Dans le second tableau, , Alexandre libère la mère, l’épouse et les filles de Darius. La composition est tripartite : à gauche le camp du vainqueur, signalé par un soldat avec lance et tambour ; au centre les libérées, sur fond d’une ville en plein soleil ; à droite le libérateur casqué.
Comparé à d’autres représentations, le thème du premier tableau, la Clémence de Scipion est ici traité de manière délibérément elliptique et ambigüe : le futur époux n’est pas montré, et deux femmes peuvent postuler pour le rôle de la libérée : celle debout, en robe jaune, un des seins déjà dénudés, ou celle agenouillée en posture de gratitude.

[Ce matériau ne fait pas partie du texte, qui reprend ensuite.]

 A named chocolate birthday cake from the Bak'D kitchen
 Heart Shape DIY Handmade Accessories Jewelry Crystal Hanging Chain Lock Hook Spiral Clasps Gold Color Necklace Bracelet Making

Pellegrini (Giovanni Antonio), vers 1700, Musée des Beaux arts, Soissons
La logique de ce pendant nous échappe : le même thème de la Clémence d’Alexandre se trouve cette fois mis en balance avec la douleur d’Achille, contemplant le corps de son ami Patrocle qu’on ramène sur un chariot.
Les deux épisodes guerriers servent ici de prétexte à un fonctionnement purement esthétique et formel : la beauté du jeune général en toge rouge, ses soldats casqués derrière lui, domine la moitié de chaque tableau. Dans l’autre moitié, la reine captive suivie par sa fille se voilant la face, ou le jeune mort dont un serviteur dévoile le torse, voient leur beauté mise en valeur par un satin outremer.
Sebastiano Ricci, 1709, North Carolina Museum of Art, Raleigh
Dans sa Continence de Scipion, Ricci montre en plein centre le jeune fiancé présentant sa compagne ; par symétrie, il imagine au centre de l’autre tableau un général présentant Alexandre à la famille de Darius.
Le dais calé à gauche permet de noter l’inversion qui met en valeur la noblesse d’Alexandre : général victorieux, c’est lui qui vient s’incliner devant la famille royale restée à la place d’honneur.
Tiepolo, 1743, Villa Cordellina, Montecchio Maggiore
Les deux fresques se trouvent non pas côte à côte, mais sur deux murs opposés, de sorte que les captives debout font face aux captives prosternées, et Scipion assis à Alexandre debout. Tout comme Ricci, Tiepolo place au centre d’un côté le jeune fiancé, de l’autre un vieillard présentant la reine à Alexandre.
Staedel Museum, Francfort (120,5 x 98 cm)
Detroit Institut of Arts (118.2 x 98.5 cm)
Tiepolo, 1751-53
Ce pendant très probable recourt aux mêmes procédés :
- parallélisme plutôt que symétrie ;
- captive debout / captives prosternées
- Scipion assis à Alexandre debout.
Gaetano Gandolfi , 1784, Pinacothèque nationale, Bologne
Ces deux toiles ont été commandées par le marquis Giacomo Marescotti Berselli pour son palais de Bologne. Gandolfi insuffle de la nouveauté dans ces thèmes archi-rebattus par le dynamisme des poses, saisies dans un instant de déséquilibre.
La composition, très structurée, met brillamment en parallèle les deux épisodes :
- une figure de la faiblesse féminine, en robe blanche, étend le bras droit, en signe d’imploration (la jeune captive, la femme de Coriolan) ;
- une figure de la soumission masculine, en manteau rouge, écarte les bras en signe d’acceptation (le jeune fiancé, Coriolan) ;
- une figure d’équité, en manteau violet, étend les bras entre les deux (Scipion, la mère de Coriolan) ;
- sur les bords externes, un soldat au geste arrêté introduit une tension dramatique (sur le point d’enchaîner la captive ou retenant le cheval prêt à avancer).
Le décor joue son rôle d‘unification (les marches) mais aussi de localisation des deux scènes : le port de Carthage, l’espace entre les murailles de Rome et le camp des Vosques.
Après un siècle et demi d’évolution, le pendant atteint ici un tel degré de maturité qu’on sent l’artiste capable de mettre en parallèle n’importe quel épisode, et le spectateur de jouir de ce parallélisme.